(October 17, 2014)
Elihu is an interesting character in Job. Of all the characters, he alone escapes the criticism from the Lord at the end. Job is criticized for asking in ignorance (not even understanding the question he is asking). The other three elders are criticized and called to sacrifice for their words. But Elihu is not – lending substantial weight to the words that he is saying.
And in that light, we see that his words are profound and important. He points out that when tragedy strikes, our first question should not be “why me?”, but rather “where is my sin and how can I repent?”. This is the case even with a man such as Job – one upright in all things.
The Lord does not idly cause us to suffer. Even when our suffering is the natural consequence of the actions (or even the sins) of others, the Lord is perfectly just and not a tear from our eyes will be wasted.
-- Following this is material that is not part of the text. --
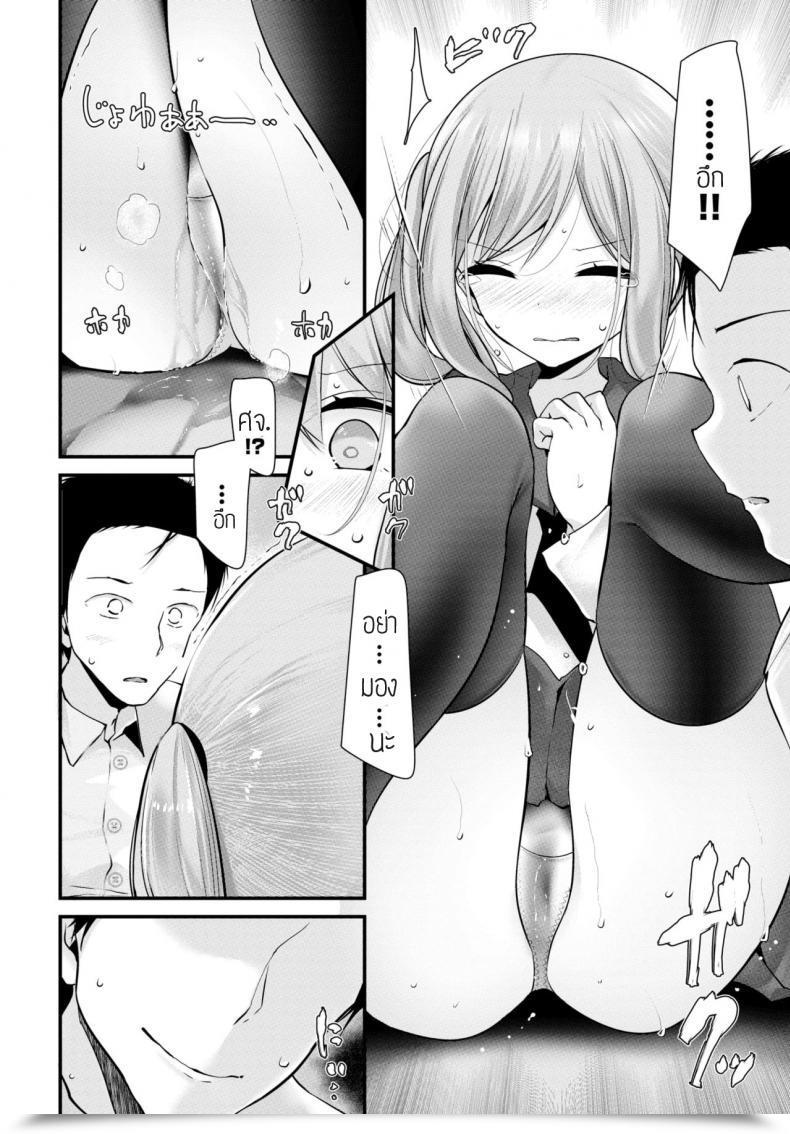Doujin Oousoerogenous Zone-Another- โดจินแปลไทย 3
Joseph Smith was certainly innocent of wrongdoing when he was imprisoned in Liberty Jail, and his captors were unquestionably evil. And yet the Lord promised Joseph that all of these things would work out for his good.
Holland spoke of how that
happened. He spoke of Liberty Jail as a temple-prison, and the
changes that were brought about in Joseph (and the Church) as a result of his
imprisonment. Understanding that this
change constituted repentance (as does all change for the better), we can take
courage in our suffering to know that our pain is an invitation from the Lord
We can, as Elihu counsels, call upon the Lord to teach us that which we see not – those defects in our individual characters that need repentance to be healed – and we are then invited, as was Job, where we have done iniquity to do it no more.